Pernikahan Beda Agama Menurut Etika Kristen
“PERNIKAHAN BEDA AGAMA”
Ewen Josua Silitonga
I.
Pendahuluan.
Seseorang yang telah lahir ke dunia
akan mengalami pertumbuhan perkembangan, mulai dari pertumbuhan anak-anak. Lalu
bertumbuh sampe remaja dan langsung bertumbuh sampai kita tumbuh dewasa[1].
Biasanya setelah kita dewasa kita akan menentukan arah hidup kita, apakah kita
akan langsung melanjutkan kerja atau kita akan melanjutkan ke jenjang
pernikahan yang lebih serius[2].
Kalangan orang tua yang sering kali banyak menginginkan anaknya cepat menikah.
Padahal apabila kita menikah, kita harus memantapkan pasangan yang memang sudah
serius kita punya. Namun, banyak kalangan wanita bahkan pria yang terkadang
tidak ingin cepat-cepat menikah atau mereka lebih menginginkan menjenjang
karirnya terlebih dahulu[3].
PEMBAHASAN MASALAH.
Nikah Beda Agama.
Di
Alkitab, kisah Raja Salomo merupakan kisah nyata pernikahan beda agama yang
berdampak pada rusaknya hubungan personal dengan Tuhan.

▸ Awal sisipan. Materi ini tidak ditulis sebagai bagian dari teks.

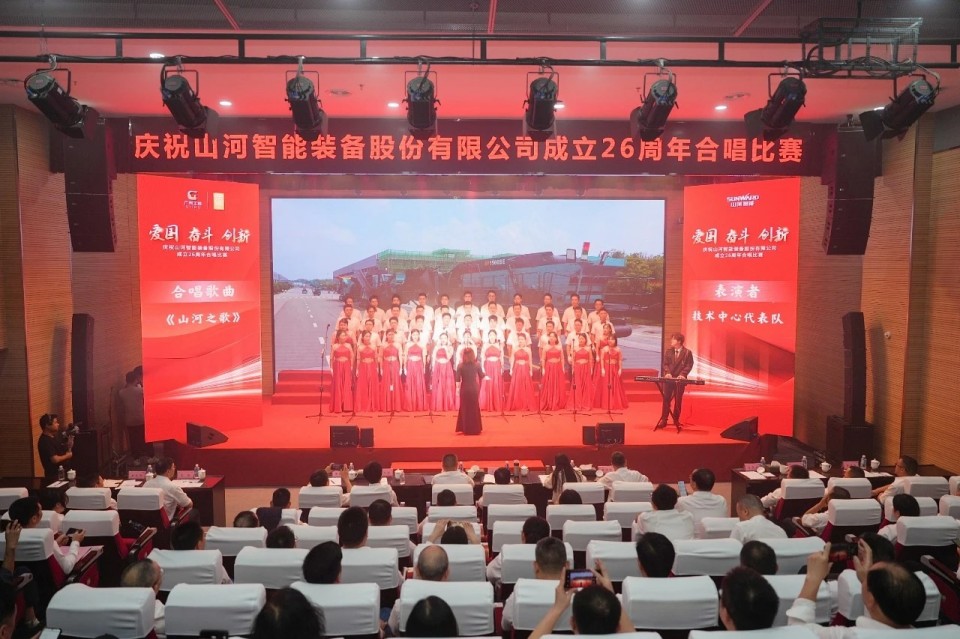 20250929141553_86578 声动Z6人生就是博!庆祝Z6人生就是博智能成立26周年合唱角逐杰出收官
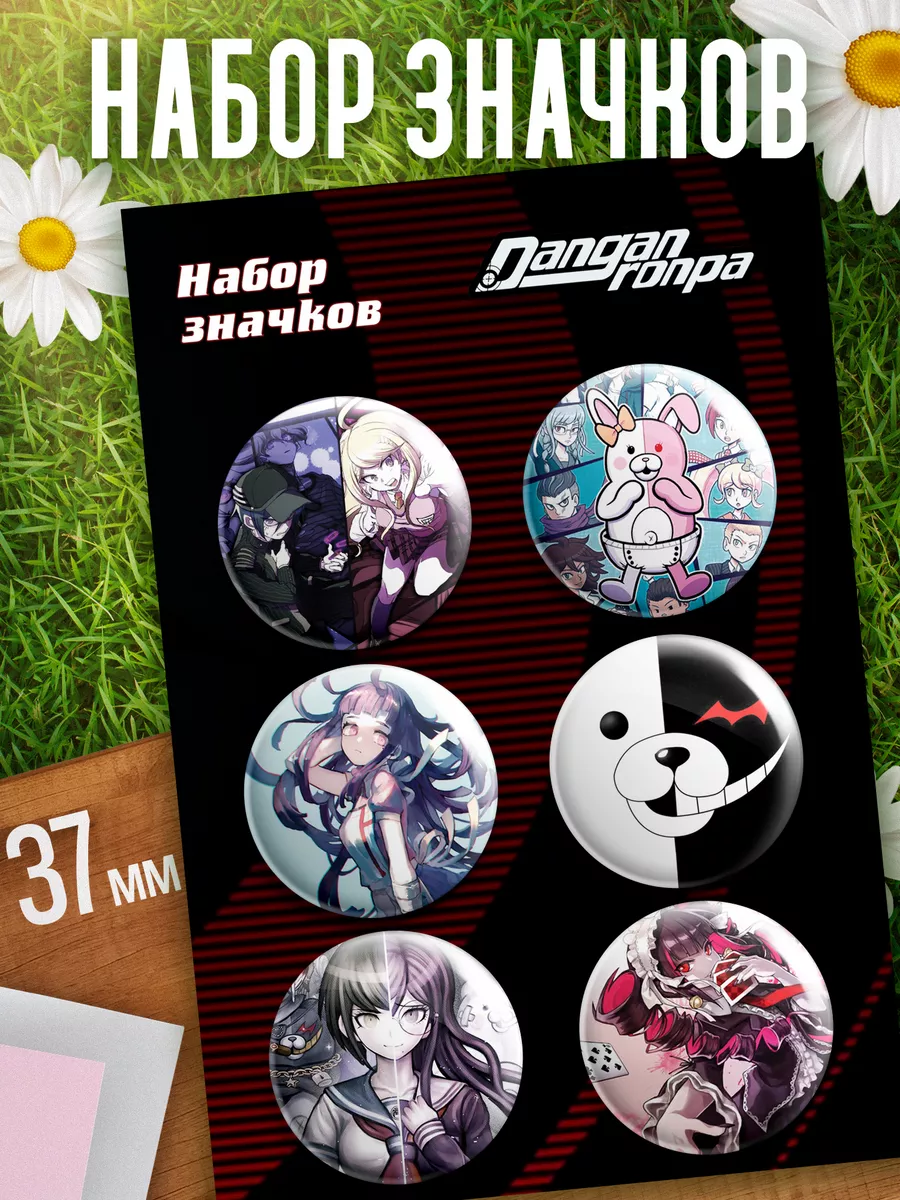 Значки аниме Danganronpa Animeski купить по цене 7,28 р. в  интернет-магазине Wildberries в Беларуси | 98689212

Raja Salomo yang
merupakan anak dari Raja Daud adalah raja yang paling berhikmat dan kaya raya.
Hikmat tersebut ia dapatkan lewat kecintaannya pada Tuhan (1 Raja-Raja 3:1-15).
Bahkan disebutkan bahwa sebelum dan sesudahnya, tidak akan ada yang menandingi
hikmat dan kekayaannya. Di masa mudanya, kita dapat membaca bagaimana Salomo
begitu mencintai Tuhan sehingga rela memberikan banyak korban bakaran yang
menyenangkan hati Tuhan. Namun demikian, masa tua Salomo tidaklah berakhir bahagia,
karena ia terpengaruh oleh ajaran-ajaran allah asing dari istri-istrinya dan
hidupnya berakhir dengan menyakiti hati Tuhan. Apakah tidak boleh menikah
dengan pasangan beda agama? Bagaimana jika sudah terlanjur cinta? Bagaimana
dengan hubungan pacaran beda agama menurut Kristen? Hal tersebut mungkin sering
ditanyakan oleh orang-orang Kristen yang memiliki pasangan beda agama serta
sudah berniat melangsungkan pernikahan. Jawabannya kembali pada salah satu
dari tujuan hidup orang Kristen, yaitu menyenangkan hati
Tuhan. Pernikahan bukan hanya bertujuan untuk kesenangan pribadi ataupun hanya
untuk memiliki keturunan, namun juga untuk menggenapi rencana Tuhan untuk
keluarga tersebut. Bagaimana rencana tersebut dapat tercapai jika tidak ada
kesatuan visi, misi, dan pandangan atas agama.[4] Agama
tidak hanya sekedar sebuah status, namun juga memuat nilai dan norma kehidupan
yang menuntun jalan hidup manusia. Selain itu, sebelum menikah, perlu untuk
mengetahui dan memahami lebih dulu prinsip dasar pernikahan Kristen sebagai fondasi dari
pernikahan. Mari renungkan, apakah prinsip-prinsip tersebut dapat dilakukan
dengan pasangan yang berbeda agama nantinya.
Arti Pernikahan Kristen
Pernikahan
adalah persekutuan yang ekslusif seumur hidup antara seorang pria dan seorang
wanita. Pernikahan adalah satu komitmen antara seorang laki-laki dan perempuan
yang melibatkan hak-hak seksual secara timbal balik[5].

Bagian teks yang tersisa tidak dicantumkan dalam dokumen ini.